I declined to join in the general chorus of "Another Mario!" It struck me as little less than sacrilege to compare with the divine voice of that tenor an organ which could occasionally descend, or ascend, to the utterance of tones that quickly earned the name of the "Gayarre bleat. " My criticism drew forth several rejoinders, among them the following from the Covent Garden conductor, Signor Vianesi:

Wait to hear Gayarre two or three times. You will appreciate him as a true artist. If I can correct him of too much dragging (the present Italian style), he will be "Number One"!

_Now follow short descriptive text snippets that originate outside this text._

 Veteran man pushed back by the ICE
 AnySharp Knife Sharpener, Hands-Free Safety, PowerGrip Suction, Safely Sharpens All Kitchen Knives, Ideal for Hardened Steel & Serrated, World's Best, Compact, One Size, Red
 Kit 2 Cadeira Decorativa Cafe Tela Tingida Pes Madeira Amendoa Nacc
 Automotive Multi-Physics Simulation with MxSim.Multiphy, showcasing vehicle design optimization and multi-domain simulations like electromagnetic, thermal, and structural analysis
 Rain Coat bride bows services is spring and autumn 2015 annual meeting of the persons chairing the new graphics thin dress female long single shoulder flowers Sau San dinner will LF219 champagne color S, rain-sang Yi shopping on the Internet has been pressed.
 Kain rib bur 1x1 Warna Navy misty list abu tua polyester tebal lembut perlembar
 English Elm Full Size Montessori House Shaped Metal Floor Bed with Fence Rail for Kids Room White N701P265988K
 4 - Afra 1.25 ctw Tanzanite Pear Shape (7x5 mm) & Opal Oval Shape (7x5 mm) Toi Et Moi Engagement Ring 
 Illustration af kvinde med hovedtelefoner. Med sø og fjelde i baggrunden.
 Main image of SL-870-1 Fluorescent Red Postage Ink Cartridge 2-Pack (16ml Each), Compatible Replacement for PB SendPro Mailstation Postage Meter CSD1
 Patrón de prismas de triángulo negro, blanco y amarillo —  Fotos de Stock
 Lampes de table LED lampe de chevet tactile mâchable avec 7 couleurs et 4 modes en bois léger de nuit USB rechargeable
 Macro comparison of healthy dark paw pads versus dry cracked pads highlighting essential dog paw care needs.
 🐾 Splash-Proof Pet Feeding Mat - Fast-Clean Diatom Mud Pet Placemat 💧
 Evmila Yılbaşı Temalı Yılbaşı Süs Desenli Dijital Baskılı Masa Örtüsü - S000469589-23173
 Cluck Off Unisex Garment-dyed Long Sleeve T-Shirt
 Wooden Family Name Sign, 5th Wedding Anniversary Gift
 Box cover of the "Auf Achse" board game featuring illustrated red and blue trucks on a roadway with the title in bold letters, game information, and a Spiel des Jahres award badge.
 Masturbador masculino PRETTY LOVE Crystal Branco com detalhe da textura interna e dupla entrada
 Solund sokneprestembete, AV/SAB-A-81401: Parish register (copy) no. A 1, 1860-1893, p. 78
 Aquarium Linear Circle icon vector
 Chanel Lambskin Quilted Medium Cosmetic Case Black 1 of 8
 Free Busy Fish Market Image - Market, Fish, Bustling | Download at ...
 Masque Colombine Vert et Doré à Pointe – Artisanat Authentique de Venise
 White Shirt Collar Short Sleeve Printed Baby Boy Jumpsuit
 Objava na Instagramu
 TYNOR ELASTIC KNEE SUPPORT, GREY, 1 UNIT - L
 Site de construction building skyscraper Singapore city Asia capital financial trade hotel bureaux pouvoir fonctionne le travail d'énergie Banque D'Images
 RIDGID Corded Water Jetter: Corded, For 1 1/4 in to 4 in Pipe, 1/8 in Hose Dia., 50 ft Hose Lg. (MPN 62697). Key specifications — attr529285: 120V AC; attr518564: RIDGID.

In a measure, this prediction proved to be correct. Of the operatic tenors heard in London during the succeeding ten years, Gayarre was easily the most interesting. Campanini and Fancelli had finer voices; while of the French school Nicolini and Capoul were perhaps more attractive. But in certain operas Gayarre stood, for the time being, upon an eminence by himself. As Fernando in "La Favorita" (his best part), as Jean de Ley den in "Le Prophète," as Enzo in Ponchielli's "Gioconda" (his original creation), and as Gennaro in "Lucrezia Borgia," he was for a long time positively without a rival. He was an admirable Lohengrin, and was the first singer in this part to vary the charm of the love music in the bridal duet by the judicious employment of a particularly lovely mezza voce. He was also excellent in Glinka's opera "La Vie pour le Czar," which he introduced to English audiences for the first time at Covent Garden in 1887.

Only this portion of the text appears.